* _ASSIGNED TASK_: Records follow. Select each line holding "near".

[Stored items from a collection]
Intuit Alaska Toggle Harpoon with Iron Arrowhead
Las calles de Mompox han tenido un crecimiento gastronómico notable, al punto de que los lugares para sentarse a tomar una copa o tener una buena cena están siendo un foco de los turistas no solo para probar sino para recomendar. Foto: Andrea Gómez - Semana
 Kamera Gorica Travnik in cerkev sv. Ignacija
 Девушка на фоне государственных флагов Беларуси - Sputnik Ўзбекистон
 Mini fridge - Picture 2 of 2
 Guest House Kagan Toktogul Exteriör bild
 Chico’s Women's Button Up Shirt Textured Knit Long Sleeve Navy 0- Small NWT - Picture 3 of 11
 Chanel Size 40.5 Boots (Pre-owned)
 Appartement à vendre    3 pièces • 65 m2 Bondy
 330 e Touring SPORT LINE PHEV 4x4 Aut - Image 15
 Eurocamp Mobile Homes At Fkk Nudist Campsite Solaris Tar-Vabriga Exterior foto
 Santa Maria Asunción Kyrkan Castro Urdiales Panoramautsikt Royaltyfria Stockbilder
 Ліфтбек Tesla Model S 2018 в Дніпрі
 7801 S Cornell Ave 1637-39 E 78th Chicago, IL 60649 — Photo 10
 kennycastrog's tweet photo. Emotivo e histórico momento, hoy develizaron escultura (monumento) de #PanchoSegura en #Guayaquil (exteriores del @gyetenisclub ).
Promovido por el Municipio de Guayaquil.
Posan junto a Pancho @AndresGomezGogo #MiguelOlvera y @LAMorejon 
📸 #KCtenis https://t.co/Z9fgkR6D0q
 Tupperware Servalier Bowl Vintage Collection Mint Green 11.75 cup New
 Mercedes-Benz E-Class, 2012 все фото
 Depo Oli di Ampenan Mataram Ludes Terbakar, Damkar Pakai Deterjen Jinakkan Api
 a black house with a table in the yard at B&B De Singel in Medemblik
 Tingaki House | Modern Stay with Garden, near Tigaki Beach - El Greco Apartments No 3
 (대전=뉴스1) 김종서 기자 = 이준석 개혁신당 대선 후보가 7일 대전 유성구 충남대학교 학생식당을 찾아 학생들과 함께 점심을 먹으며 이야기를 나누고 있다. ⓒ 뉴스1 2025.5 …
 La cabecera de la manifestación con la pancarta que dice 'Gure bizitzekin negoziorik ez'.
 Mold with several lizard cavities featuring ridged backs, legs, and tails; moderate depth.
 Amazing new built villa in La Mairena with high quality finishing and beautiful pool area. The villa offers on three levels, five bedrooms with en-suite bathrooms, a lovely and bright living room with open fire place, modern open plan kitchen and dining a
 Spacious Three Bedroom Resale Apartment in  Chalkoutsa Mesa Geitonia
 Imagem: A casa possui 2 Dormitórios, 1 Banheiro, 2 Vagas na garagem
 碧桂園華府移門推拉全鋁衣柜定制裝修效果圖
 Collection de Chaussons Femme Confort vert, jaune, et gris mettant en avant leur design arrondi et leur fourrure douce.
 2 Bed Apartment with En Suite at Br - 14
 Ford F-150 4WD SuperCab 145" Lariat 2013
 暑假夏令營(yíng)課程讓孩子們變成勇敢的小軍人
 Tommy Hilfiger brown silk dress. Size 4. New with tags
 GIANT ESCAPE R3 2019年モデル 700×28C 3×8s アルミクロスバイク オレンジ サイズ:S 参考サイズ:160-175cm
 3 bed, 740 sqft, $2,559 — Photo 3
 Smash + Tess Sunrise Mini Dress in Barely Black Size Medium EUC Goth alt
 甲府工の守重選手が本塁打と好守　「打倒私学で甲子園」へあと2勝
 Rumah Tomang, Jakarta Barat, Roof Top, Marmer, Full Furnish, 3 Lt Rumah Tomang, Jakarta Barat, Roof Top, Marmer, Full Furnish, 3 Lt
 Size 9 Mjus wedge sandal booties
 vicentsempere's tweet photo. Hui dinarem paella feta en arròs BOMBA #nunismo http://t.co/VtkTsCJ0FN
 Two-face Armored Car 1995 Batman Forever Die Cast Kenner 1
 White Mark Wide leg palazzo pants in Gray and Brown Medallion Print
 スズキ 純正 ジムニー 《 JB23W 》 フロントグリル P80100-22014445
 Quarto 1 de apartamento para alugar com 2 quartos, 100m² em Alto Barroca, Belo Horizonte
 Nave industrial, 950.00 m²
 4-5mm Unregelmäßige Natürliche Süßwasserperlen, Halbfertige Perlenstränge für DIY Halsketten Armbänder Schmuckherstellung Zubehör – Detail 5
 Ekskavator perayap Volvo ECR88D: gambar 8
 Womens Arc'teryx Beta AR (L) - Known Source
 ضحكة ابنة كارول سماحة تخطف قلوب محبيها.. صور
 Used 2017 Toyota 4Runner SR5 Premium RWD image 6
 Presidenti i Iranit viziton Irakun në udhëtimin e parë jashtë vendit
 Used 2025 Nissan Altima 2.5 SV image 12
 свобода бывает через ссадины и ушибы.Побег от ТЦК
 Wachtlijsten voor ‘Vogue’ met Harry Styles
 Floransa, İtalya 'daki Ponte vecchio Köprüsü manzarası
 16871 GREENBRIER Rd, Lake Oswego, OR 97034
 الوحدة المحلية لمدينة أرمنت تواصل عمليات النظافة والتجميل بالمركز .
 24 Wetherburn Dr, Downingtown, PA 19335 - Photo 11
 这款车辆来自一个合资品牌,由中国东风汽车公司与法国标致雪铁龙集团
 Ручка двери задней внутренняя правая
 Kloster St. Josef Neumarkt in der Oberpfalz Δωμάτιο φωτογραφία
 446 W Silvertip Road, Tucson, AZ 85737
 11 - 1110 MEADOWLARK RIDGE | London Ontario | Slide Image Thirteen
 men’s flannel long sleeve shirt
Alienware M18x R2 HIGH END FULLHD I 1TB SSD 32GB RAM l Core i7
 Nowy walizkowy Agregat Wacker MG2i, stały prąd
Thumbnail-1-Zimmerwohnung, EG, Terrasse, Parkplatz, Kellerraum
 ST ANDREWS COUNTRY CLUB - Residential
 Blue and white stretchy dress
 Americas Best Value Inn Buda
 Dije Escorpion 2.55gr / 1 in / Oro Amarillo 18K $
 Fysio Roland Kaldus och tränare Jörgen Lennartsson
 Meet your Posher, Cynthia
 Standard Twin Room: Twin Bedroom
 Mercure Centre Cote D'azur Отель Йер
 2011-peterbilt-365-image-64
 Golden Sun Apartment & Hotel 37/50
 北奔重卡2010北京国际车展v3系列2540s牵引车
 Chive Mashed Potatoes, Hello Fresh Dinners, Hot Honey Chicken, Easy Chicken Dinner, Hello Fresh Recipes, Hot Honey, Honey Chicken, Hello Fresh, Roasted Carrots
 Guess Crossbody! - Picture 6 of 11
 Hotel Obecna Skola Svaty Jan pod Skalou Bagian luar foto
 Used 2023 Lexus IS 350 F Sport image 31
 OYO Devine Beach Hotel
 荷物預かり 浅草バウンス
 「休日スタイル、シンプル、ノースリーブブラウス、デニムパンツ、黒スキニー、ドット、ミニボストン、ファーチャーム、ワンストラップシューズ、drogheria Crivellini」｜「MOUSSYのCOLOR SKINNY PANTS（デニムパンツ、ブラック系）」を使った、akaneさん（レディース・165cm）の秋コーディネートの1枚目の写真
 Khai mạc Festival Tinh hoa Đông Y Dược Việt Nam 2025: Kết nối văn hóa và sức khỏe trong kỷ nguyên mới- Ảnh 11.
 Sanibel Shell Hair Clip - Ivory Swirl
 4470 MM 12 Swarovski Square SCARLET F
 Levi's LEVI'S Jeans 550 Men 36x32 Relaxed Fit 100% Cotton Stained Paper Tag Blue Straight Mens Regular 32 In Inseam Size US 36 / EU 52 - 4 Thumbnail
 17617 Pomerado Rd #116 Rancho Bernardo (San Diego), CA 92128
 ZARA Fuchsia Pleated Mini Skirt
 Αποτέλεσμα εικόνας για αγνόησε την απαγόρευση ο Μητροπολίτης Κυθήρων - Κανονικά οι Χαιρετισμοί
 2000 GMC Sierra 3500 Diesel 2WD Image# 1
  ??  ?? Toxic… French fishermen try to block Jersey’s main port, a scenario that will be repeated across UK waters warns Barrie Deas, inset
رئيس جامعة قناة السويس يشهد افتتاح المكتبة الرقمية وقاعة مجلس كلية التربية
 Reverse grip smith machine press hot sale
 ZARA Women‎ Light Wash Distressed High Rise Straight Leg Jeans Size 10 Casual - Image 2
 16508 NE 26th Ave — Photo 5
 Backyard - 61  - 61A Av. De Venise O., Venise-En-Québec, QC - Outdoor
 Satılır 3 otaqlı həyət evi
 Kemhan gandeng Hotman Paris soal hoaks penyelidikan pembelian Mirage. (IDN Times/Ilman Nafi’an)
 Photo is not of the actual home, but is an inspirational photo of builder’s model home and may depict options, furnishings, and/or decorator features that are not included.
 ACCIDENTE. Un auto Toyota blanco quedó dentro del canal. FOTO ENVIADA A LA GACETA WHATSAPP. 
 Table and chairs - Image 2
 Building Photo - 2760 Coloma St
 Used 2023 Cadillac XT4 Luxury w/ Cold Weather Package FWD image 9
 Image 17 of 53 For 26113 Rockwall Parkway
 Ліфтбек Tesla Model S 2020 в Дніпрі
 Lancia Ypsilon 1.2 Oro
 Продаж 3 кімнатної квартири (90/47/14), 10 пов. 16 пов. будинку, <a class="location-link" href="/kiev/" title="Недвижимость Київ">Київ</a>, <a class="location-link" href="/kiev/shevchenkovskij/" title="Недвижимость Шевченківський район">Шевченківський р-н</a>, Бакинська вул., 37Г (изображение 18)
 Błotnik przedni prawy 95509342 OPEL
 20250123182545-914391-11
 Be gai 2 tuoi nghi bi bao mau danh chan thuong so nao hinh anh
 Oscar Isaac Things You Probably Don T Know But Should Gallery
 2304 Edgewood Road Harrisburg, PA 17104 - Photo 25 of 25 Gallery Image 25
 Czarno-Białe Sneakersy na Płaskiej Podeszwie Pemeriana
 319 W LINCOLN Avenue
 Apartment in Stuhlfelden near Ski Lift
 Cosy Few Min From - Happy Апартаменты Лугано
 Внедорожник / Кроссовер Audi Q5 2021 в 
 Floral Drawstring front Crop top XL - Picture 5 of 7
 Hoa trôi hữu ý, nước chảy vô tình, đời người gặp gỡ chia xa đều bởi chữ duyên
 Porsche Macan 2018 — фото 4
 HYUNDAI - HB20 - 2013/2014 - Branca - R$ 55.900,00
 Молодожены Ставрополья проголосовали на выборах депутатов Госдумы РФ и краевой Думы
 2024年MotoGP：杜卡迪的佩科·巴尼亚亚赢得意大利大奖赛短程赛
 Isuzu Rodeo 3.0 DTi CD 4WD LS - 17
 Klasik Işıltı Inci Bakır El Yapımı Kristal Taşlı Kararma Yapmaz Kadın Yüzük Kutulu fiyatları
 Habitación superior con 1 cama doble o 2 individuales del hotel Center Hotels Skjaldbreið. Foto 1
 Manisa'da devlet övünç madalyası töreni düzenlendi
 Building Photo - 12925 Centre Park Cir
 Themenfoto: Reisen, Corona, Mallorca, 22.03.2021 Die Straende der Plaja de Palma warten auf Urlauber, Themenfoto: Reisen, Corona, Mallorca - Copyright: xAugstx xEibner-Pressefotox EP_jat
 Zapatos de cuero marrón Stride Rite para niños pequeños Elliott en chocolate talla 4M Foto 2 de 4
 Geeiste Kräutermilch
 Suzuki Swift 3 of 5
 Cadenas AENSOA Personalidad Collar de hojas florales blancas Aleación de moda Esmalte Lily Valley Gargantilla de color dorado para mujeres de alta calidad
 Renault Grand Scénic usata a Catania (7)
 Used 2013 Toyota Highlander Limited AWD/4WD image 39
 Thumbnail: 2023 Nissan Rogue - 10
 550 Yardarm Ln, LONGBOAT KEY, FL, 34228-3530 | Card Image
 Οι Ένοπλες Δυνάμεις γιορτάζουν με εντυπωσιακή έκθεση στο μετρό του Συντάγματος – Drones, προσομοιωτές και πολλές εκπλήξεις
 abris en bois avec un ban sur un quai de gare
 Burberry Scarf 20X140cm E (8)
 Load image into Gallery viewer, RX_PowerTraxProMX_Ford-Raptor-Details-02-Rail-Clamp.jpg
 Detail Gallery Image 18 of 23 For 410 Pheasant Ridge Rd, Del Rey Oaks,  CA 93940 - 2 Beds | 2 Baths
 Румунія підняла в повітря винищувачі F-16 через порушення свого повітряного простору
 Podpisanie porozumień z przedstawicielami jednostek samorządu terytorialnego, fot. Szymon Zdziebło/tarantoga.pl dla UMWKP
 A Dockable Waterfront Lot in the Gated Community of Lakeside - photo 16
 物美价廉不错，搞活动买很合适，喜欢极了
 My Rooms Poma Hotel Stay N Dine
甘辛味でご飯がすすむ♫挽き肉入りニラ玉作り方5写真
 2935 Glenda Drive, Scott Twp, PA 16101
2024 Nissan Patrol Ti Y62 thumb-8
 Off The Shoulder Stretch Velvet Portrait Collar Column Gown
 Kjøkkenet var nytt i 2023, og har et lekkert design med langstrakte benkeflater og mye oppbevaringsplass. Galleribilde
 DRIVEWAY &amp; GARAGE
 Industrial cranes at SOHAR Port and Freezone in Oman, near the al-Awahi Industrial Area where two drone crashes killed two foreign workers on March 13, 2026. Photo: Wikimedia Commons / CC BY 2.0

* _SOLVED PROBLEM_:
 Tingaki House | Modern Stay with Garden, near Tigaki Beach - El Greco Apartments No 3
 Apartment in Stuhlfelden near Ski Lift
 Industrial cranes at SOHAR Port and Freezone in Oman, near the al-Awahi Industrial Area where two drone crashes killed two foreign workers on March 13, 2026. Photo: Wikimedia Commons / CC BY 2.0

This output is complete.